Attractions in Tsavo West National Park
• Mzima Springs:
One of the main attractions in Tsavo West National Park are the Mzima Springs, located 48km from the Mtito Andei Gate and close to both Kilaguni Lodge and Kitanitented camp. The two large pools, connected by a rush of rapids are replenished with two hundred and twenty million liters of crystal-clear water every day, from the underground streams stemming from the lava the Chyulu Hills, 40-50 kilometers away. This fresh water at Mzima forms a haven to a huge variety of wildlife including hippoa and crocodiles, but is aslo an important source of drinking water for many animals including elephants, lion, gazelles, zebra and giraffe. A must is to look for Hippo underwater through the windows of the observation tank that has been sunk into the river, you can be sure to spot a few fish species including barbel.
• Chaimu Crater:
Just west of the springs is the Chaimu Crater, this volcanic crater is less than 200 years old and composed mainly of black coke. It is well worth the visit and you can climbed by foot. Animals to look out for in this area include klipspringer and the lesser Kudu antelope.
• Lake Jipe:
Located in the southwestern corner of Tsavo West National Park is Lake Jipe. 10km long and 3km wide it has huge reed beds and although there is game present, it is the rich bird life that is most impressive here. Pied Kingfishers, palmnut vultures, black herons and African skimmers, Purlpe Gallinule, Black Herons, the Pygmy Goose and the Lesser Jacana are all found in this area around the lake. Above the lake, the Tanzanian Pare Mountains form an impressive backdrop, especially if you are there to see it at sunset.

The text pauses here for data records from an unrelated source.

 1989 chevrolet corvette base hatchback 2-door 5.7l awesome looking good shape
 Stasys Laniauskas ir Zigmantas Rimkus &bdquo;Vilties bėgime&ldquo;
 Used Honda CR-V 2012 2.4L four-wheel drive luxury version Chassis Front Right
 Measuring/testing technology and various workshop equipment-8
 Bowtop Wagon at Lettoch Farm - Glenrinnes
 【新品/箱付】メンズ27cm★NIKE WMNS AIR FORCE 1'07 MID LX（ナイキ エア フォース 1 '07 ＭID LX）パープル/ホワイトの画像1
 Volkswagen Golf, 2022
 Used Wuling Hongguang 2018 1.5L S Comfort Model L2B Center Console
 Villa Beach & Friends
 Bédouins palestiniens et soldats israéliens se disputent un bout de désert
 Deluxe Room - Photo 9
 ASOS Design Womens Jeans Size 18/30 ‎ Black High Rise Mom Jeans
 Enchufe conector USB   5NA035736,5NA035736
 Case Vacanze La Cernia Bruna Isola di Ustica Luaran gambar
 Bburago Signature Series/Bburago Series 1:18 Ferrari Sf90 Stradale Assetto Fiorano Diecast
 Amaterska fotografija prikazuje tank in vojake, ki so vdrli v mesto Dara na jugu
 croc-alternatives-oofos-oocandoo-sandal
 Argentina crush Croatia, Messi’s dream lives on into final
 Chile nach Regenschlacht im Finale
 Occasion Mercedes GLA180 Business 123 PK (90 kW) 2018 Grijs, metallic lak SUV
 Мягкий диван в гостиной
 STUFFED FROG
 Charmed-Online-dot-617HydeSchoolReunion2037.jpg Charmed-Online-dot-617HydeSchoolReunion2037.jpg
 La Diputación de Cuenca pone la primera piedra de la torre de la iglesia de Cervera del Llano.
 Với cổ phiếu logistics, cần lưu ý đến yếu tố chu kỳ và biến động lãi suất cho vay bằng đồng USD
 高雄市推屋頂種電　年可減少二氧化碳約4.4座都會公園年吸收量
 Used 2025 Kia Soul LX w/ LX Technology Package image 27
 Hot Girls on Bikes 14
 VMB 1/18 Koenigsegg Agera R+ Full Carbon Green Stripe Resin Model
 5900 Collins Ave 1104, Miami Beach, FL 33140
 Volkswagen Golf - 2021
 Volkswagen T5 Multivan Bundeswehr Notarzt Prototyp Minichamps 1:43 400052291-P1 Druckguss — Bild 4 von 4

• Prior to the park's establishment in 1948 with its sister park, Tsavo East National Park, the Waliangulu people roamed the park hunting elephant with bow and arrow. British forces in World War I built forts along the Tsavo River in defense of Von Lettow Vorbeck's intrusion from the south and engineers built a railway through the bush land, encountering man-eating lions.
• Tsavo West National Park also holds an important rhino sanctuary and is famous for elephant.